Thank you for your considerate reply. The 'master plan' had a goal of the Model 3 and certainly they have worked those configuration pricepoint numbers (LR/SR, options, RWD/AWD, etc) with many forecast models that get revised regularly. Certainly their avg (config opts) sold Model 3 will make money. The battery material and tech is one of the major components and that is a major the point of the gigafactory (along with powerwall/powerpacks).I can see your point here but the issue is whether Tesla can sell the Model 3 and stay in business. Last quarter Tesla lost something like $28K on every vehicle is delivered. If GM took even $20K off the price of the Bolt how many do you think it could sell? That's not to say the Model 3 costs a lot more than the Bolt EV to build. It won't. But the models Tesla will be selling won't be $35K with a $7500 tax credit. And how many of those "clamoring" for what has been marketed as a smaller version of a Model S for $35K will still be clamoring when they see what they get for $50K. This isn't a problem for Tesla alone. For GM and Tesla and every other auto manufacturer the problem is that BEVs are too expensive given the alternatives.
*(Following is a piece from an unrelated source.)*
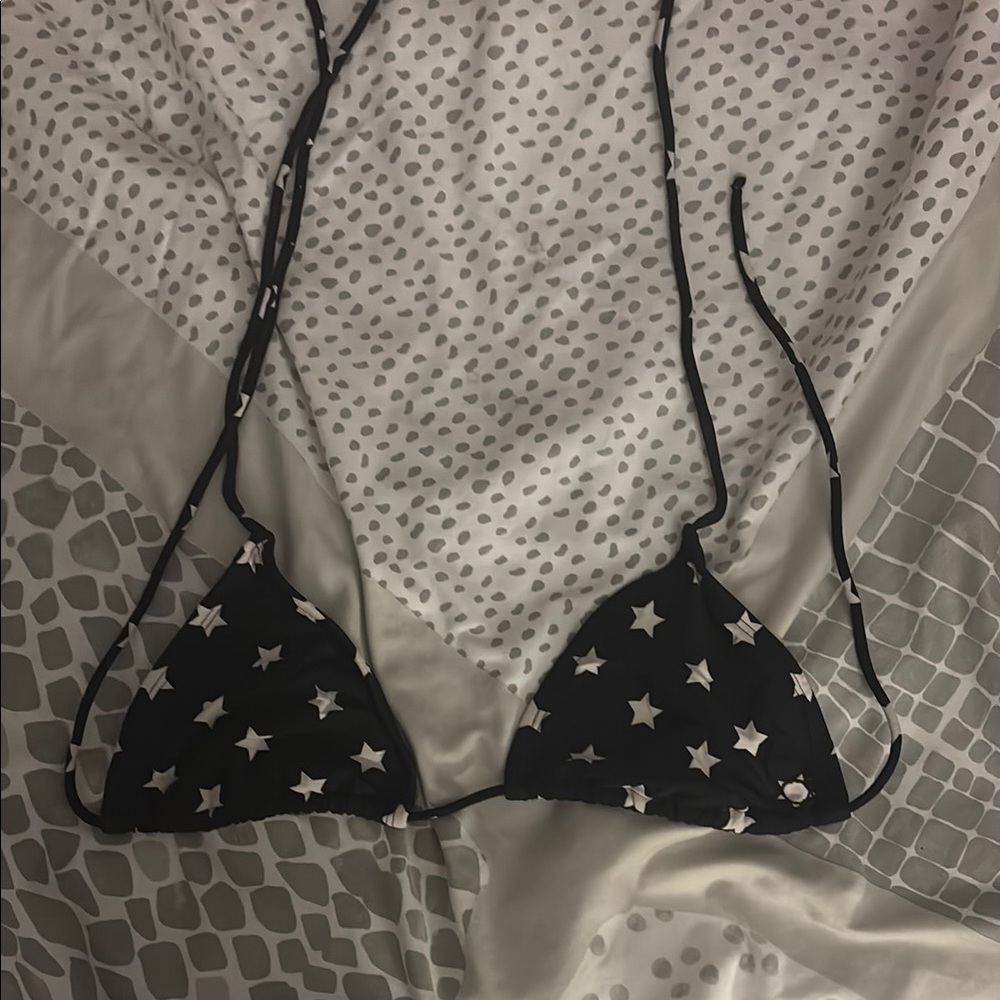 Star Pattern Triangle Bikini Top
So to answer your question: I don't think Tesla will sell 200K or 300K Model 3s a year, both because it won't be able to make that many and because the demand won't be there. Demand for the Model S and Model X is not exactly going through the roof. These models, especially the Model S, had a nice run, but Tesla is looking at steady or even declining demand. How many small sedans for $50K do all manufacturers combined sell in the US? (The US is the relevant market because Tesla's business in Europe is "Meh" and in China it's downright lousy).
A journalist for the WSJ and NYTimes once remarked that, for technology companies, "it seems that it's the true believers who sometimes don't get something very basic -- addition and subtraction".
Re: How many small sedans for $50K do all manufacturers combined sell in the US?
IMO, at a highlevel the Model 3 and the Bolt are competitors only because they are > 200 mile BEVs. They are very different and the Bolt is not the competitor. There are *many* articles on this using lower BMWs, Audis, etc as the real comparisons. As to your question, you would have to define what small sedans are the competitors and then look at goodcardbadcar to see what they sell. I suspect there are articles about this. I'll search.